Solito (Oneworld, £18.99) by Salvadorian American poet and activist Javier Zamora vividly recounts the author’s memories as a nine-year-old boy nicknamed Chepito, in his treacherous journey to reach the US to rejoin his parents, who had left El Salvador separately a few years earlier due to the civil war and lack of jobs in their home country.

The boy from the small town of La Herradura is accompanied to the Salvadorian Guatemalan border by his grandfather, leaving behind his immediate family, friends, pet and country. From then on, he embarked alone on a long trip that risked his life and that of those who crossed with him on countless occasions. 

During his seven-week journey north, the boy encountered other migrants along the way, including a group that accompany him until the last crossing. Among them are Patricia and her 12-year-old daughter Carla; Chino, who becomes like an older brother and protector; and the more distant Marcelo and Chele, as well as the many “coyotes” who try to smuggle them across the Mexico-US border through the desert.  

“His hand still waving. My face pressed against the back window’s glass. I concentrate on Grandpa’s light-brown hand waving. Grandpa getting smaller and smaller as the bus rattles forward. He becomes a cloud. A marble. A hand. A fingernail. A white dot. I take a breath in. Adios, I whisper to myself”, the author writes as he recounts the moment he leaves behind his grandfather at the Guatemalan border and is, for the first time alone, “solito”.

A journey of more than 4,000 kilometres includes many bus trips where the boy and his group of migrants try to hide from the military, a perilous boat journey in the Pacific Ocean to cross from Guatemala into Mexico, weeks waiting in motels and safe houses, and various attempts to reach the US border through the Sonoran desert while trying to evade the “Migra”, a slang term for US armed border patrols.
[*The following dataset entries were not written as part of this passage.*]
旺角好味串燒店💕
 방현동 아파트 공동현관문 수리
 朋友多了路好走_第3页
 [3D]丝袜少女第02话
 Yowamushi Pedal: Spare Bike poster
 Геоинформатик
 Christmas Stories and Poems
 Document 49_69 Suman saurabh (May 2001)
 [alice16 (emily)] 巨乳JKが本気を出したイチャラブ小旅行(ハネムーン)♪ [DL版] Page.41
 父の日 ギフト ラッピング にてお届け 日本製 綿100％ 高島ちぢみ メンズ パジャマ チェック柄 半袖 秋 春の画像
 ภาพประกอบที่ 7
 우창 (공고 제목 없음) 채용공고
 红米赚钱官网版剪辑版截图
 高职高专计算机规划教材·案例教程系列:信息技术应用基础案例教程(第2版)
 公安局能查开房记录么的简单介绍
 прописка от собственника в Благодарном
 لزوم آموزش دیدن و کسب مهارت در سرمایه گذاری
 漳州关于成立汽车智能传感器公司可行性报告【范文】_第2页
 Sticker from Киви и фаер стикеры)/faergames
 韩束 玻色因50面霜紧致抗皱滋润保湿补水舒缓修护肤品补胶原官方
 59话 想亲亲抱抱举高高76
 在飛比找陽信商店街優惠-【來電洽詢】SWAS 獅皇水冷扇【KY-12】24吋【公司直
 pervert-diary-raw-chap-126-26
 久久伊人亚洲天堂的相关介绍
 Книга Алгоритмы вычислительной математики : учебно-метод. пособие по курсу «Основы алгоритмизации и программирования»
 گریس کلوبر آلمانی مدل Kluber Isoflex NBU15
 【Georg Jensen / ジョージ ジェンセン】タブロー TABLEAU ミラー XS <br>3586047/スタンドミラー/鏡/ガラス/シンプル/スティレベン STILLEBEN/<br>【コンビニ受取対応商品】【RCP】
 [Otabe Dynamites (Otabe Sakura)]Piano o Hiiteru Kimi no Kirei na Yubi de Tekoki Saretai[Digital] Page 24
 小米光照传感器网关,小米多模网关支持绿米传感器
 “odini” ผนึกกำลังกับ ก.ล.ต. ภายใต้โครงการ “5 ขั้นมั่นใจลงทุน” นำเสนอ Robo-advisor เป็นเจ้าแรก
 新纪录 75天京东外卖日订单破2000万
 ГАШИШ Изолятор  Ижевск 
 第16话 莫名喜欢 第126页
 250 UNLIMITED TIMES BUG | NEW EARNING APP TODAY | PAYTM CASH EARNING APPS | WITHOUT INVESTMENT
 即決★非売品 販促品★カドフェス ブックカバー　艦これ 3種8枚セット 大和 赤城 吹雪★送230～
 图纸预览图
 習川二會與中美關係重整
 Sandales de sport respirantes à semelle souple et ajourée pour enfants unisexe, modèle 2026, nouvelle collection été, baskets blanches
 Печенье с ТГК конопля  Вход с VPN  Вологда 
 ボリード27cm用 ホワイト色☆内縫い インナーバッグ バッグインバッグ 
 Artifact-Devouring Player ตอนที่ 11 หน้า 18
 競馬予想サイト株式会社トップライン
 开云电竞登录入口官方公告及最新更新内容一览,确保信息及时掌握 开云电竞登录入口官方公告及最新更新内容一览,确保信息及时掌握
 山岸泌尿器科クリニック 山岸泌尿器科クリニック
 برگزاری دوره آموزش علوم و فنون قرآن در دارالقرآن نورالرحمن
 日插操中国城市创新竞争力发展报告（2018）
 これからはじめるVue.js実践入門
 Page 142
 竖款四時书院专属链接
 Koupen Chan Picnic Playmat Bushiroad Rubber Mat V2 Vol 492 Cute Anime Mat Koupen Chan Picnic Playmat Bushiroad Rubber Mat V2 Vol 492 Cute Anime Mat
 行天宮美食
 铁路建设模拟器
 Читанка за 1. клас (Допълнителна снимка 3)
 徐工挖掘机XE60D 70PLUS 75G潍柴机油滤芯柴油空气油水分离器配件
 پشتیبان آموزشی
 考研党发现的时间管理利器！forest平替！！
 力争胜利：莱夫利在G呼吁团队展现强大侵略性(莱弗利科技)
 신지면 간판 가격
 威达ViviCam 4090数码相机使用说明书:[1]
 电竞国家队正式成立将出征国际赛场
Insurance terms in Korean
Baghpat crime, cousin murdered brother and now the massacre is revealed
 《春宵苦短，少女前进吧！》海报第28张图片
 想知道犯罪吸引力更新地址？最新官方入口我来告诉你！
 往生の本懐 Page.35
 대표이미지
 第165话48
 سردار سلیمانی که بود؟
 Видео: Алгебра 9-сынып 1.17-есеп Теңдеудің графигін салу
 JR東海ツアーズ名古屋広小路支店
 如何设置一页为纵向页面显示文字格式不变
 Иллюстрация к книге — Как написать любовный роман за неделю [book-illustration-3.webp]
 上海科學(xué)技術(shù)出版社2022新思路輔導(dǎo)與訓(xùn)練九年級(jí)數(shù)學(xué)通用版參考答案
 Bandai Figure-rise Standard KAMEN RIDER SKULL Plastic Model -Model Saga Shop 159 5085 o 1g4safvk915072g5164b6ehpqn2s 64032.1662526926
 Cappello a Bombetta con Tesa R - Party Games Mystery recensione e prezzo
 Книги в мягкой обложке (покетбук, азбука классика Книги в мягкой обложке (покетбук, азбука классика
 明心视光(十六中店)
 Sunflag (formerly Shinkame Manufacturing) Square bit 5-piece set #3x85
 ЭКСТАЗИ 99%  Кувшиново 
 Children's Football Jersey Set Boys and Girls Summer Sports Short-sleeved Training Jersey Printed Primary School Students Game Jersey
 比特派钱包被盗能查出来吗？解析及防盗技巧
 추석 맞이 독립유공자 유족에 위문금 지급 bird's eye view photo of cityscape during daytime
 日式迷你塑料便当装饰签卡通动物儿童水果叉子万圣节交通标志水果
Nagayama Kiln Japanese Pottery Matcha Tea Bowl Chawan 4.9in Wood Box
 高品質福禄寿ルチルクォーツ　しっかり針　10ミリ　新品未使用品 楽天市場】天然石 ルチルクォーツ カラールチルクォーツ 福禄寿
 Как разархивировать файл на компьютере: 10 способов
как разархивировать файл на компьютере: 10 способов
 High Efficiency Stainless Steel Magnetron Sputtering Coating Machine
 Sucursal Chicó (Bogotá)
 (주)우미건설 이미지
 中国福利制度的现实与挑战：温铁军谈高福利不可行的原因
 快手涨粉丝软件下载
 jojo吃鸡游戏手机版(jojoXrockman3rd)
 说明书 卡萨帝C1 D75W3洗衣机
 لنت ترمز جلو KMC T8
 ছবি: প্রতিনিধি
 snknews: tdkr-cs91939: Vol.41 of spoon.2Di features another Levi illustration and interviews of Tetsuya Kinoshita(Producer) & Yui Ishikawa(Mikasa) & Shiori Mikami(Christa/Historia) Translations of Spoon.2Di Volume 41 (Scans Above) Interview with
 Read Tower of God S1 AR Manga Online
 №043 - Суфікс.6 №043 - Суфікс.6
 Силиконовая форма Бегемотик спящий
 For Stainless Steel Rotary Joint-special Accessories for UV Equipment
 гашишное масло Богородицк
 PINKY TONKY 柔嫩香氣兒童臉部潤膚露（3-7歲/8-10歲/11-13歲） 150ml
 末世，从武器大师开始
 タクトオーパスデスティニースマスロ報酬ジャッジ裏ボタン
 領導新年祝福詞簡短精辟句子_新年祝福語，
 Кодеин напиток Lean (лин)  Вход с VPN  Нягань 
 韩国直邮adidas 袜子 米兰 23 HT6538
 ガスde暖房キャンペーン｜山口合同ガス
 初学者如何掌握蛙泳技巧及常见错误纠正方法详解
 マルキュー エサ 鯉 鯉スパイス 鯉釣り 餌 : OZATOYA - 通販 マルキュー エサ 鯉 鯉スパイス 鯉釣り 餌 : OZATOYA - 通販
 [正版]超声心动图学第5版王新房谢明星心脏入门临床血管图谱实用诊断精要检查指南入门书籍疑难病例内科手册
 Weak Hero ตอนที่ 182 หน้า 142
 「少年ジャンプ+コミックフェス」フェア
“This is the longest I’ve ever walked. It’s daylight, and no Migra. Gracias a Dios. Our pace is slowing down… If we pause and stand still, we actually do look like a centipede, dark and long with many legs, because everyone wears dark colours. But we also look like some of the bushes — the ones with dark-grey trunks and dark-green leaves. And if we slide under them, we look like shadows”, says Javier during his second attempt at the border.
    
This incredible book, a recent winner of the Christopher Isherwood Prize, is full of moving descriptions of people, places and emotions seen through the eyes of a Central American boy. It is an outstanding contribution to migration literature. It should become a compulsory read in schools, to understand better the ordeals that millions of migrants face daily trying to cross borders.

Solito is not only a masterpiece of memoir writing but one of my favourite books of non-fiction published in recent years. It is a powerful human account that transcends languages, countries and cultures. 

The book sings its heart out with devastating force: it’s full of life, struggle and hope.